Tuesday, April 27, 2004
There were radios being made by companies like Icom, Kenwood and R. L. Drake specifically for the amateur market but they had very low power transmitters compared to their land mobile counterparts. Their chief advantage was that they were physically small and contained entirely in one box. The land mobile radios of the day like my “PROG” were generally a large unit that was typically mounted in the trunk of your vehicle and connected to a smaller “control head” in the passenger compartment. It contained the on off, volume, channel selection and squelch controls as well as a place to connect a microphone and speaker. All of this connected with a large diameter cable that had to be routed somehow from under your dashboard to the trunk. In addition you needed a heavy power cable from the main unit in the trunk to the car battery. Tube radios needed lots of current! Remind me sometime and I’ll tell you about dynamotors.
Times have changed and very few hams use land mobile transceivers these days. Yet in a sense they do because in today’s market place there are three main players in the amateur VHF / UHF arena. They are Icom, Kenwood and Yaesu. All three also compete for a share of the commercial land mobile business. In the case of Icom and Kenwood it is under the same nameplate while Yaesu markets their radios under the brand name Vertex. As far as I can tell with the exception of the FCC type acceptance sicker on the back of the radio and a few minor differences in the firmware they are identical.

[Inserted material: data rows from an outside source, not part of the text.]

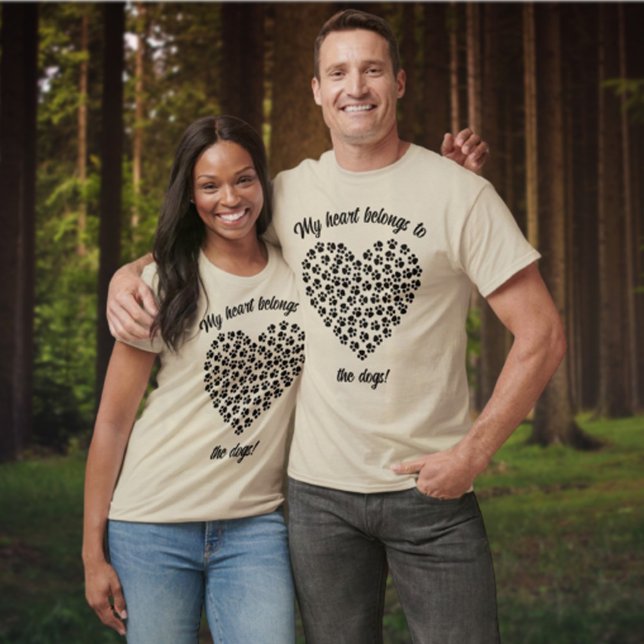 Fun Heart of Black Paw Prints Front T-Shirt (Von Creator hochgeladen)
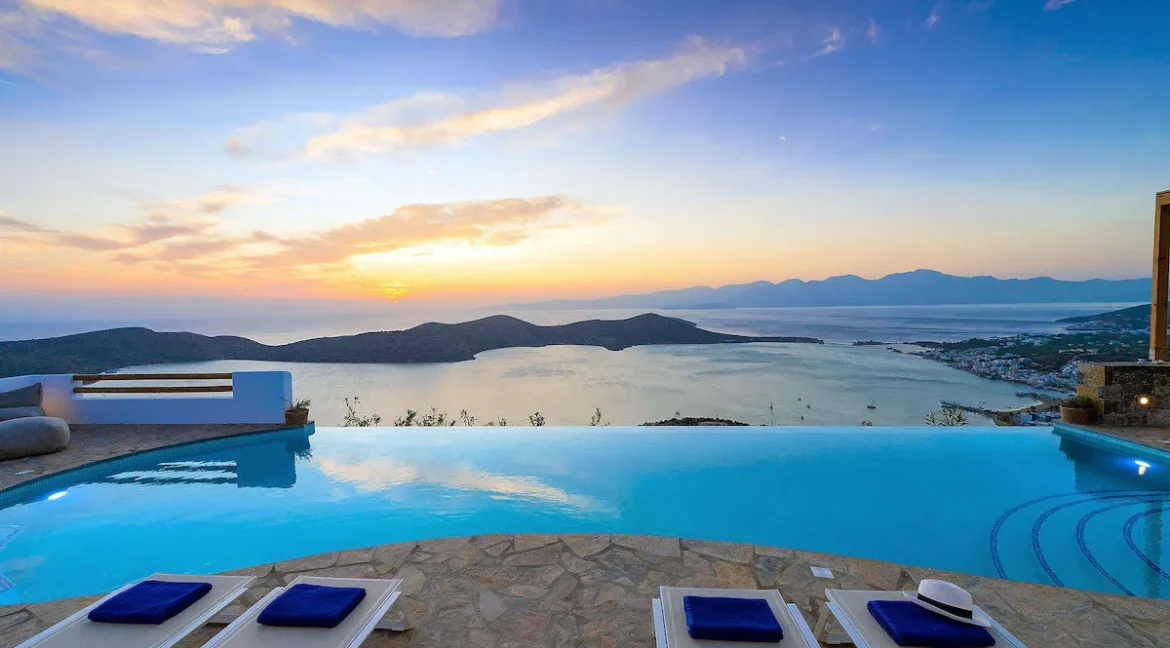 Luxury Seaview Villa for Sale in Elounda Crete 10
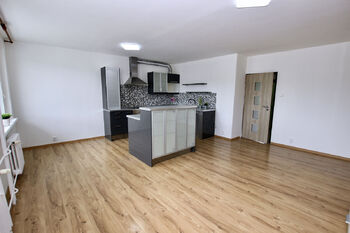 Pronájem bytu 3+kk v osobním vlastnictví 64 m², Loděnice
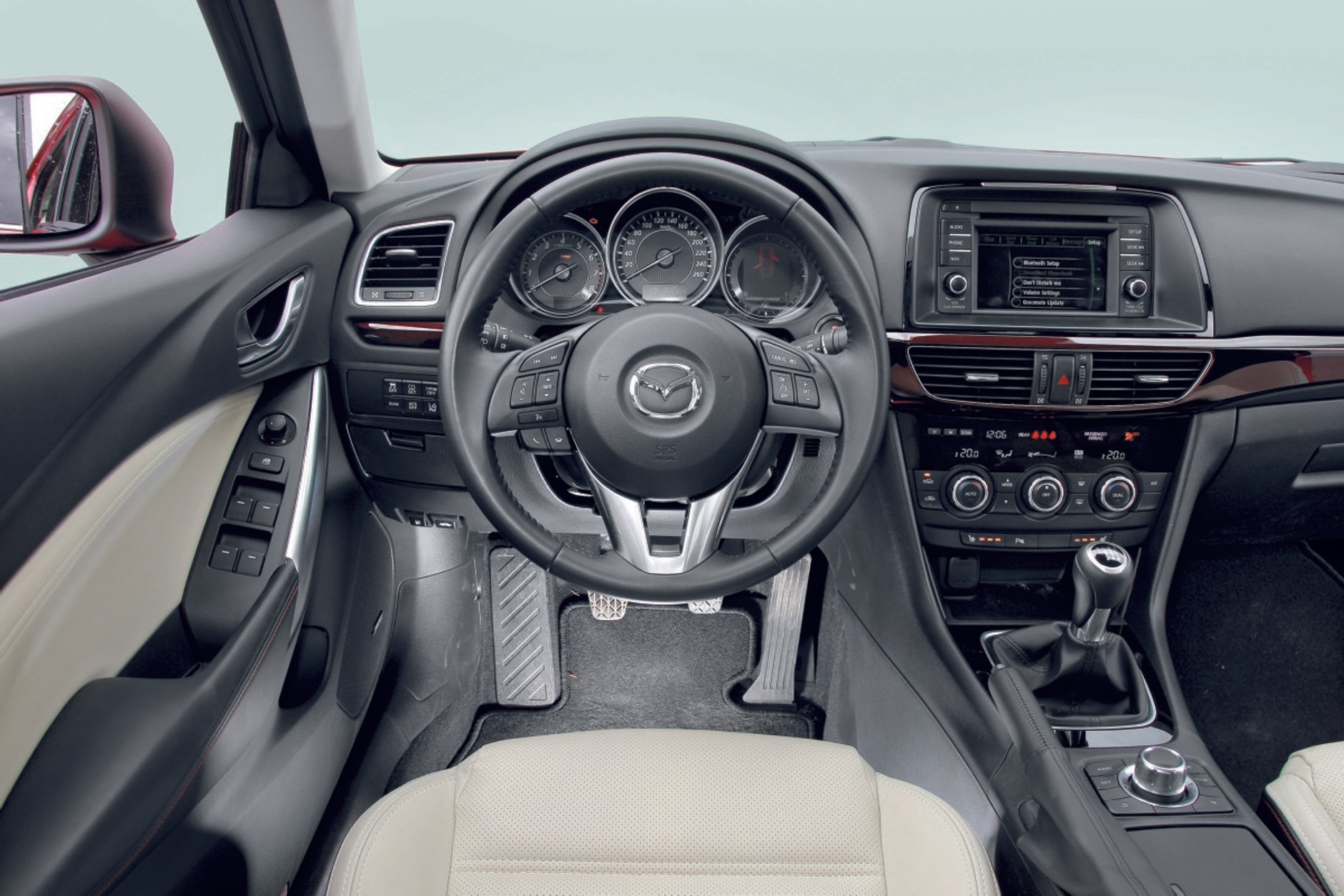 Mazda 6 2.0 Skyactiv-G, kokpit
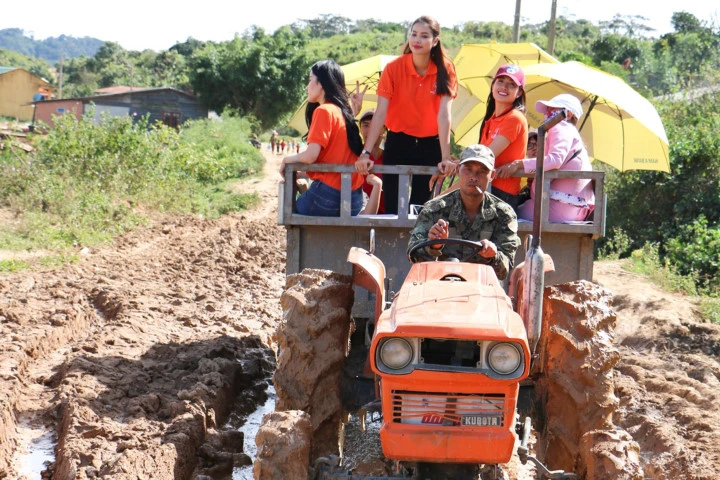 Dàn Hoa hậu Hoàn vũ "cưỡi" máy cày đi trao quà cho người nghèo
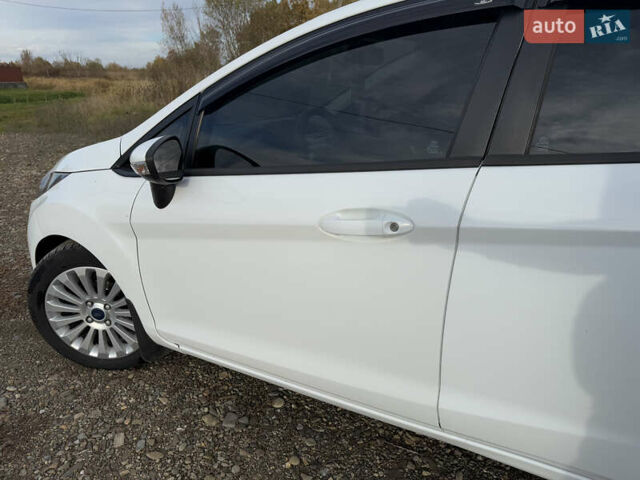 Форд Фиеста, объемом двигателя 1.4 л и пробегом 208 тыс. км за 7100 $, фото 7 на Automoto.ua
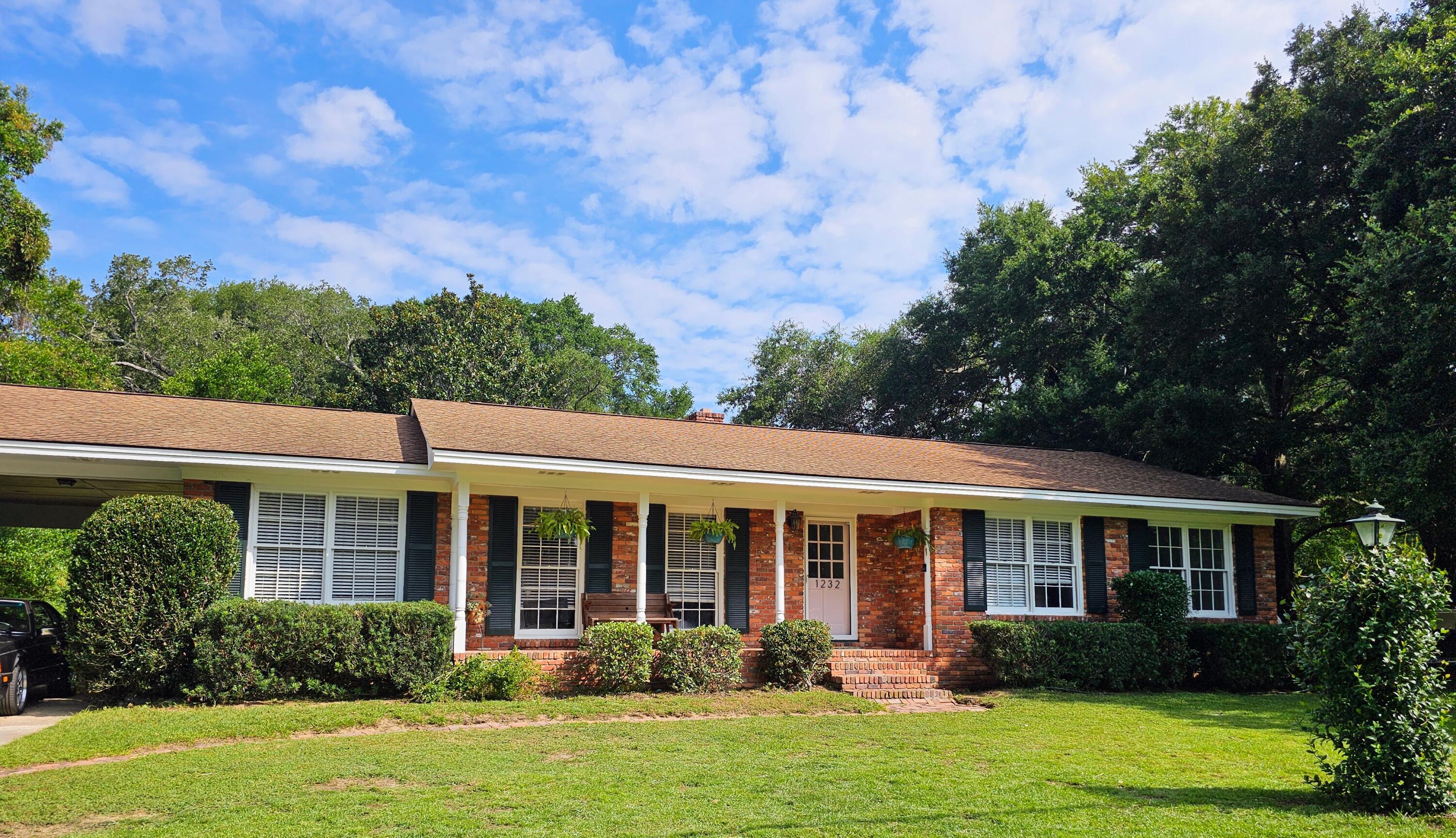 1232 W Capers Road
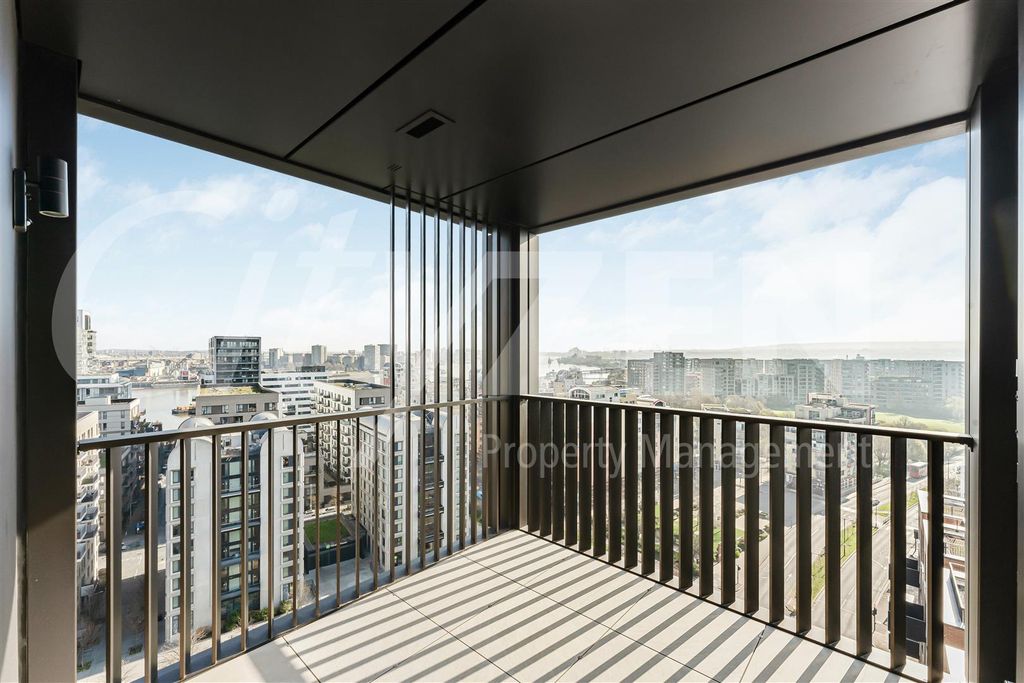 Property photo 3 of 17 Balcony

I recently came into possession of two Yaesu radios, a model VX-7R handheld and a model FT-2800M VHF mobile unit. I have been using the VX-7R for about a week now and last night took the FT-2800M out of the box and looked at the manual. Still haven’t applied power to it yet though.
When I entered the amateur FM arena Icom, Kenwood and Yeasu were the General Motors, Ford and Chrysler of radio land. Of those whose opinions I respected on equipment selection Yaesu was considered an “also ran” in the amateur market place. Let me tell you if these two radios that I have here are any example of Yaesu products they are top of the line these days. I haven’t had time to really wring them out performance wise but I am very impressed with the hand held and while I haven’t powered up the mobile yet the physical construction is top notch. The thing is built like a tank. I hope the electrical performance matches what I am seeing in my hand. I will report back when I have had a chance to work more with both radio but as I said at the start I am fast becoming a big Yaesu fan.